▶

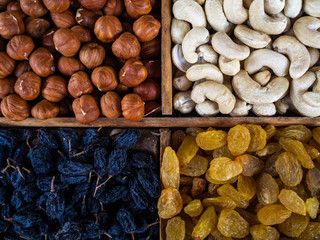 Nuts and raisin on a counter of shop. Filbert, cashew and dry grapes. Useful products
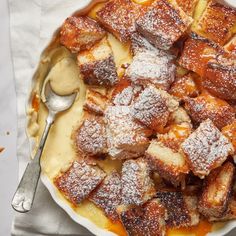 a bowl filled with french toast covered in powdered sugar next to a spoon and napkin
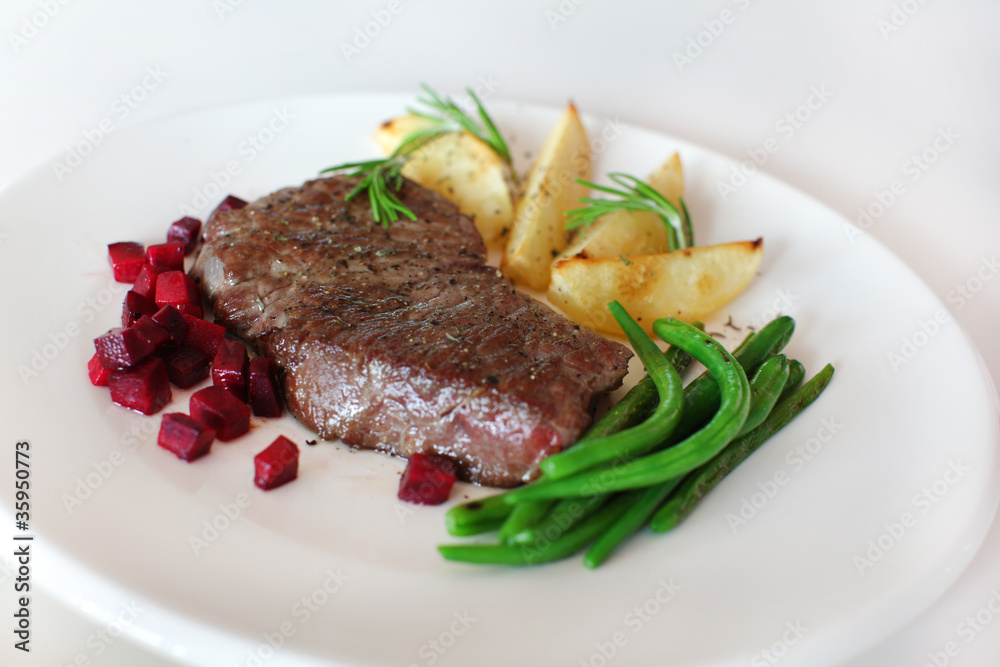 Sirloin with beetroot, beans and potatoes with rosemary on white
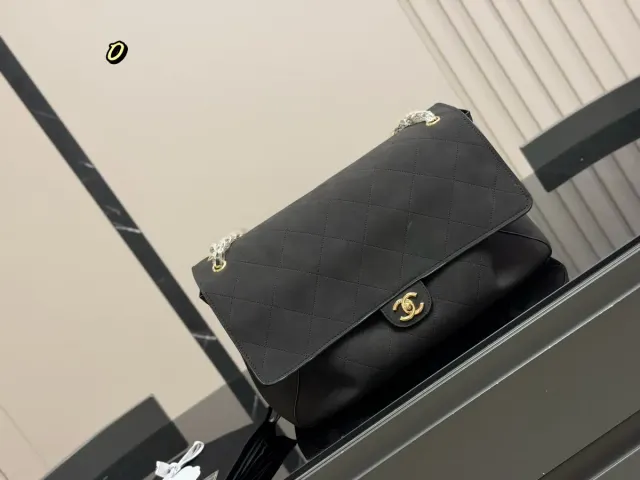 Chanel Classic Flap Handbag in Leather — 40 × 26 cm — source photograph 1 of 3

◀

▶ What you have to do:
Please return only the lines from the one holding "a bowl filled" through the end of the data, both ends included; do not copy any pictures.

▶ Result of the exercise:
 a bowl filled with french toast covered in powdered sugar next to a spoon and napkin
 Sirloin with beetroot, beans and potatoes with rosemary on white
 Chanel Classic Flap Handbag in Leather — 40 × 26 cm — source photograph 1 of 3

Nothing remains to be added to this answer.